AI Masters Games without Assistance of Rules, Human Guidance
Not being a gamer or a programmer for that matter, I have little personal insight into how an algorithm learns to play a game. Even the simplest games are hard for people my age to play without a lot of instruction. And trying to get an AI program to learn how to play a text-based game that doesn’t rely on data and math and win at a game has often been extremely difficult for programmers.
In 2018, Mauro Comi wrote an article for towardsdatascience.com that helped explain how that process works. Most algorithms must have programmed instructions to operate effectively. Recently, however, researchers discovered that an algorithm can learn to follow text-based interactions all by itself if allowed to play on its own. Comi wrote:
“Artificial Intelligence and Gaming, contrary to popular belief, do not get along well together. Is this a controversial opinion? Yes, it is, but I’ll explain it. There is a difference between Artificial intelligence and Artificial behavior. We do not want the agents in our games to outsmart players. We want them to be as smart as it’s necessary to provide fun and engagement. We don’t want to push the limit of our ML bot, as we usually do in different Industries. The opponent needs to be imperfect, imitating a human-like behavior.

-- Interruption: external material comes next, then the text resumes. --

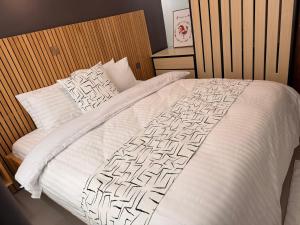 a bedroom with a white bed with a wooden headboard at Elite Apartments Masaka in Kigali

“Games are not only entertainment, though. Training an agent to outperform human players, and to optimize its score, can teach us how to optimize different processes in a variety of different and exciting subfields. It’s what Google’s DeepMind did with its popular AlphaGo, beating the strongest Go player in history and scoring a goal considered impossible at the time.”
The above sample is just the start of this information on programming AI, and we have linked the story below.

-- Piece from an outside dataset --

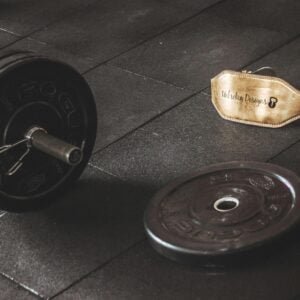 Barbell, plates and a belt on a floor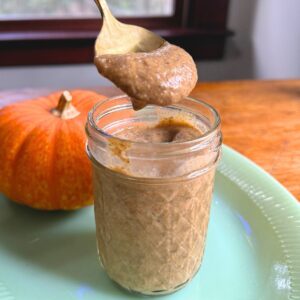 Small mason jar with chia pudding on a jade plate with an orange pumpkin in the background and a spoonful of chia pudding hovering above the jar.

Recently an article by Kyle Wiggers in venturebeat.com went further in explaining one approach to training an AI algorithm. Wiggers wrote:
“Can AI learn to play text-based games like a human? That’s the question applied scientists at Uber’s AI research division set out to answer in a recent study. Their exploration and imitation-learning-based system — which builds upon an earlier framework called Go-Explore — taps policies to solve a game by following paths (or trajectories) with high rewards.
“Text-based computer games describe their world to the player through natural language and expect the player to interact with the game using text. These games are of interest as they can be seen as a testbed for language understanding, problem-solving, and language generation by artificial agents,” wrote the coauthors of a paper describing the work. “Moreover, they provide a learning environment in which these skills can be acquired through interactions with an environment rather than using fixed corpora … [That’s why] existing methods for solving text-based games are limited to games that are either very simple or have an action space restricted to a predetermined set of admissible actions.”

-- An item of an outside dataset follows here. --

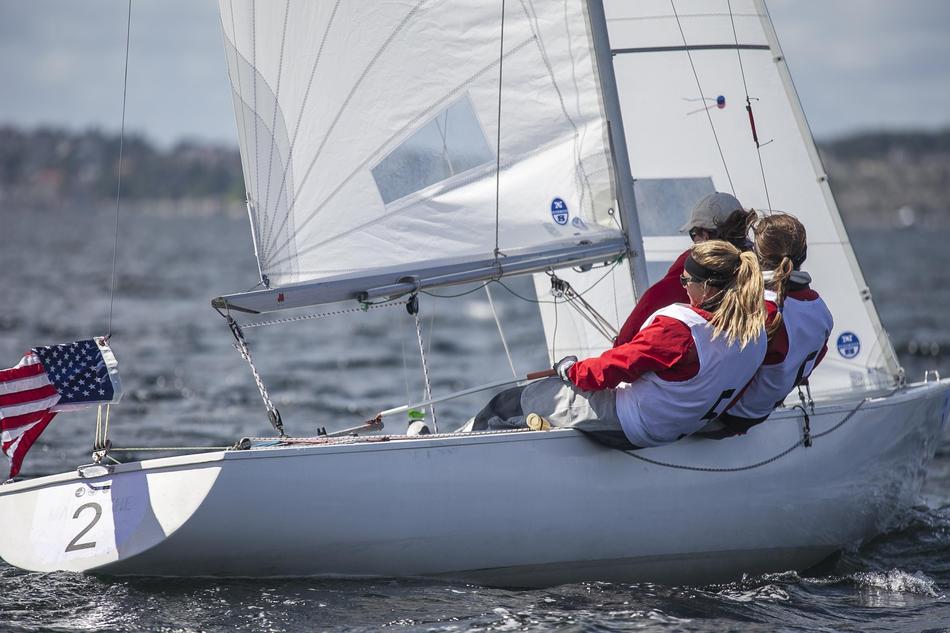Women, sailing on the sailboat with the flag of USA, on the water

In a series of experiments, the researchers set Go-Explore loose in two games in which multiple words are required to win and the reward doesn’t give feedback. The first was CoinCollector, a class of text-based games where the objective is to find and collect a coin from a location given a set of rooms, and the second was CookingWorld, a collection of over 4,440 games with 222 different difficulty levels and 20 games per level of difficulty, each with different entities and maps. While CoinCollector only parses five commands in total, CookingWorld accepts 18 verbs and 51 entities with predefined grammar with a total vocabulary size of 20,000, and it requires many actions (at least 30 for harder games) to find a reward.
The stories help explain how researchers learn to train AI to compete in word-based games, such as Trivia Pursuit. Spoiler alert, if you play the AI, you will probably lose.